Extract YouTube Data
The functions in this section are designed to extract the transcript of any YouTube videoalong with their timestamps if needed. You can benefit from these capabilities to build powerful APIs / tools / applications.
YouTube Video Transcript
The get_youtube_transcript(video_url)
function also takes only the video_url
, and it returns the transcript of the YouTube video, formatting it into a simple readable string.
Example Usage
from SimplerLLM.tools.youtube import get_youtube_transcript
video_transcript = get_youtube_transcript("https://www.youtube.com/watch?v=r9PjzmUmk1w")
print(video_transcript)
YouTube Video Transcript With Timing
The get_youtube_transcript_with_timing(video_url)

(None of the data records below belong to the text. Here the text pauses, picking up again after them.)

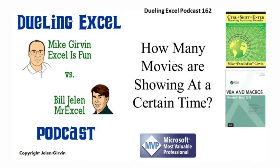It's Dueling XL Time, it's my life, it's Dueling XL Time! Hey, welcome back, it's time for another Dueling XL Podcast. I'm Bill Jelen from MrExcel, I'll be joined by Mike Gervin from Excel is Fun. This is our episode 162.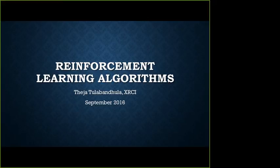Good to see good attendance. We should have good technical talks. This is an intro talk, so maybe we will just get started.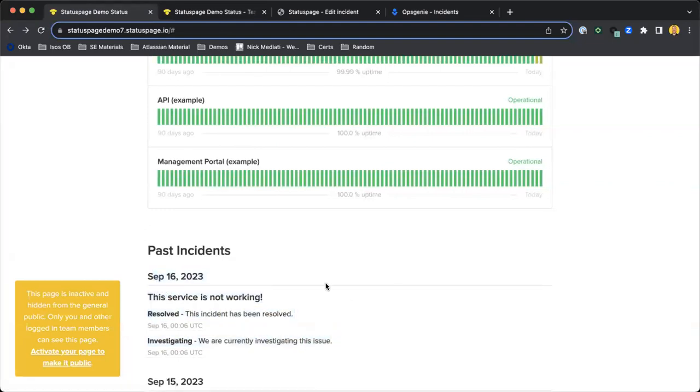So that's just a really quick view of Status Page's functionality, and I hope that was helpful. Thank you.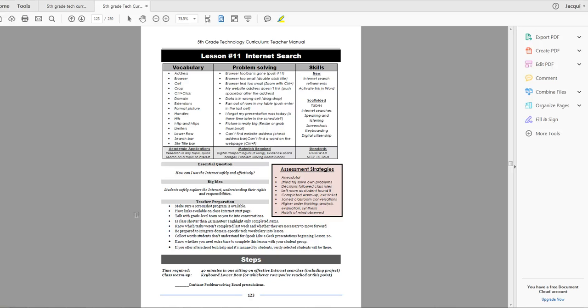Hi, this is Jackie Murray with Structured Learning Technology Curriculum. I'm your guide. I'm with Ask a Tech Teacher, and we're in fifth grade technology. We're in lesson 11 on Internet Search.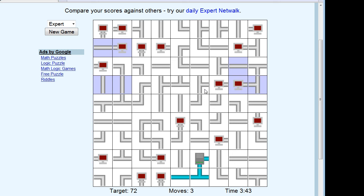Now I know that this bar needs to connect here, so I'll rotate it and lock it in. This computer has to connect to this bar now. That bar couldn't connect to this computer, so we know it couldn't go there — it had to be this way.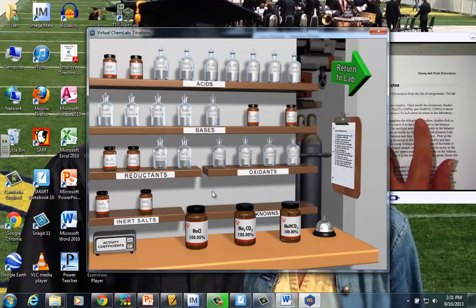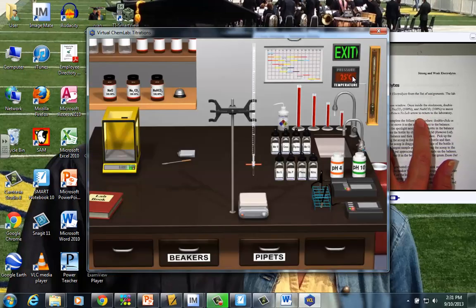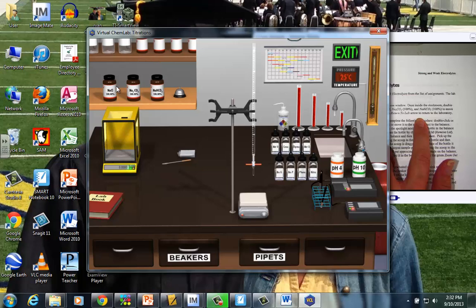And it says click the go back to the lab arrow. So I'm going to head back. Notice where the three reagents now are just sitting in the window of the stock room. And this is our lab bench.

function also takes only the video_url
, and retrieves the transcript of a YouTube video, including timing information for each line. It returns a list of dictionaries, where each dictionary refers to a part of the transcript and it contains the following:
text
: The transcript text of a specific segment of the video.start
: The start time of the segment in seconds.duration
: The duration of the segment in seconds.
Example Usage
from SimplerLLM.tools.youtube import get_youtube_transcript_with_timing
video_transcript = get_youtube_transcript_with_timing("https://www.youtube.com/watch?v=r9PjzmUmk1w")
print(video_transcript)
Here's the output format of a small section:
[{'text': 'hi friends in this video I will show you', 'start': 0.12, 'duration': 6.08}, {'text': 'how to turn any WordPress website into a', 'start': 2.639, 'duration': 7.481}, {'text': 'full SAS business using only three', 'start': 6.2, 'duration': 7.639}, {'text': 'plugins this is exactly what I did on my', 'start': 10.12, 'duration': 6.56}, {'text': 'website you will see here I have a list', 'start': 13.839, 'duration': 5.401}]
That's how you can benefit from SimplerLLM to make extracting YouTube data Simpler!